If you had asked the average punter this question a decade ago, you would not have been taken seriously. It’s different now. However, in a recent survey conducted in 8 major countries, 75% of consumers said that they would consider making their entire car-buying process online, including financing, price negotiation, back office paperwork and home delivery.1 Not surprisingly, these prospective buyers also want more tailored information online, more virtual demonstrations and more sites that provide an opportunity for comparison shopping.
This trend has obvious implications for car-makers and dealers, however, it also has implications for all high involvement consumer purchases. The traditional wisdom has been that real estate agents, financial institutions, and even luxury product retailers, all needed a storefront to enable prospective customers to engage face-to-face with the sales person. This was based on the premise that the sales person would assist the customer to identify their needs and to make their purchase decision; and hopefully to upsell them in the process. But its pretty easy to see that once consumers get comfortable with online car purchasing, they are going to want to do it in other categories.

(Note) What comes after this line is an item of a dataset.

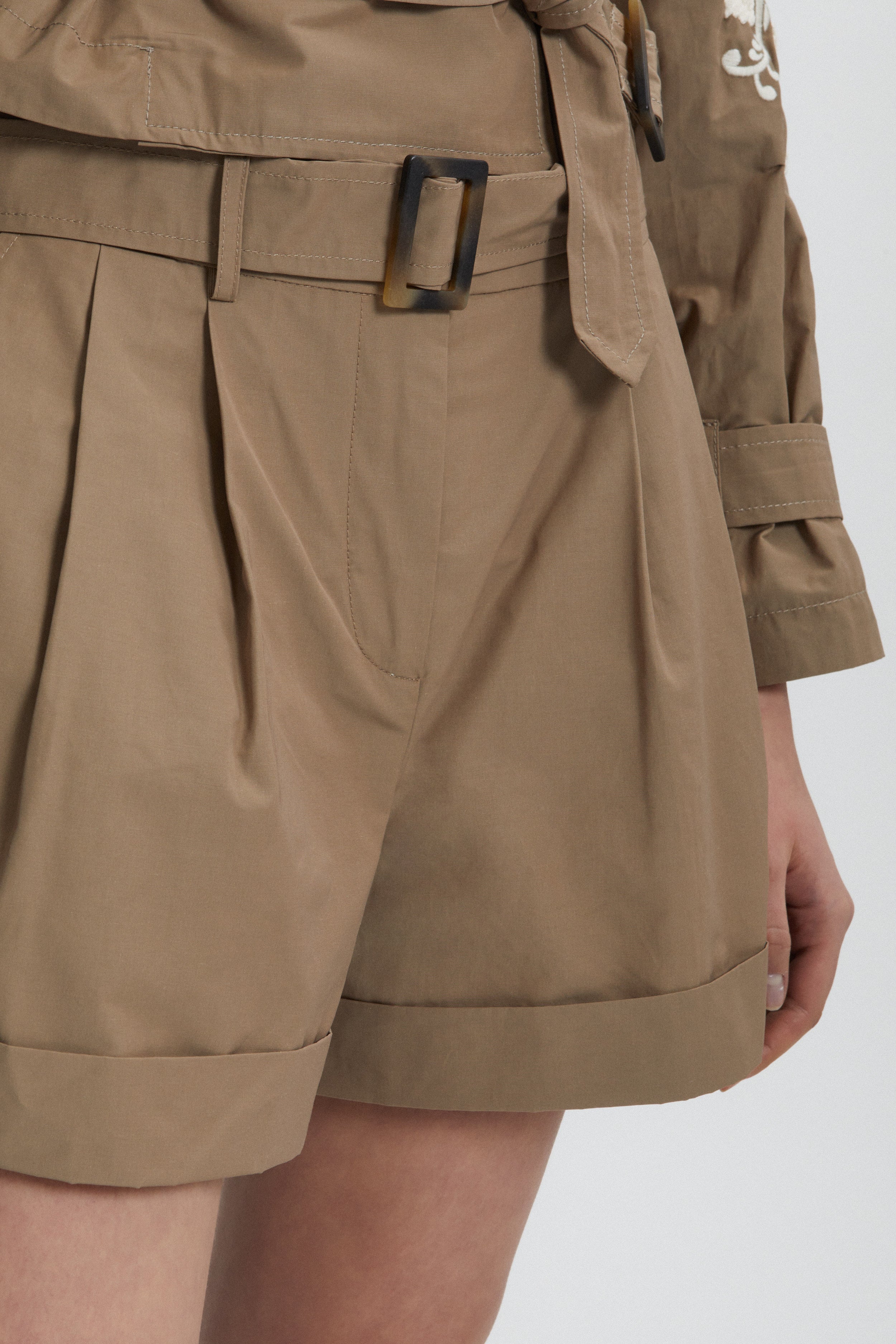 BERMUDA SHORTS WITH BELT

Organisations attempting to sell traditionally high touch, high involvement products and services are justifiably concerned given their investment in physical stores. However, they should also be keeping a close eye on four other facets of the new digital purchasing process:
2.Pier group reviews and ratings
3.The ease of price comparison
4.The huge reluctance to engage with ‘the slippery sales person’
In the past, it was only the obsessive/compulsive personalities, or those with lots of free time, who undertook exhaustive research before making a major purchase decision. In the digital world, however, many consumers actually enjoy ferreting around online for the smallest details, and because it can be done in their downtime on their smartphones, they do it a lot. In practical terms, this means that those organisations that fail to supply a large range of information about their product or service may be perceived as shallow, or even of trying to hide something!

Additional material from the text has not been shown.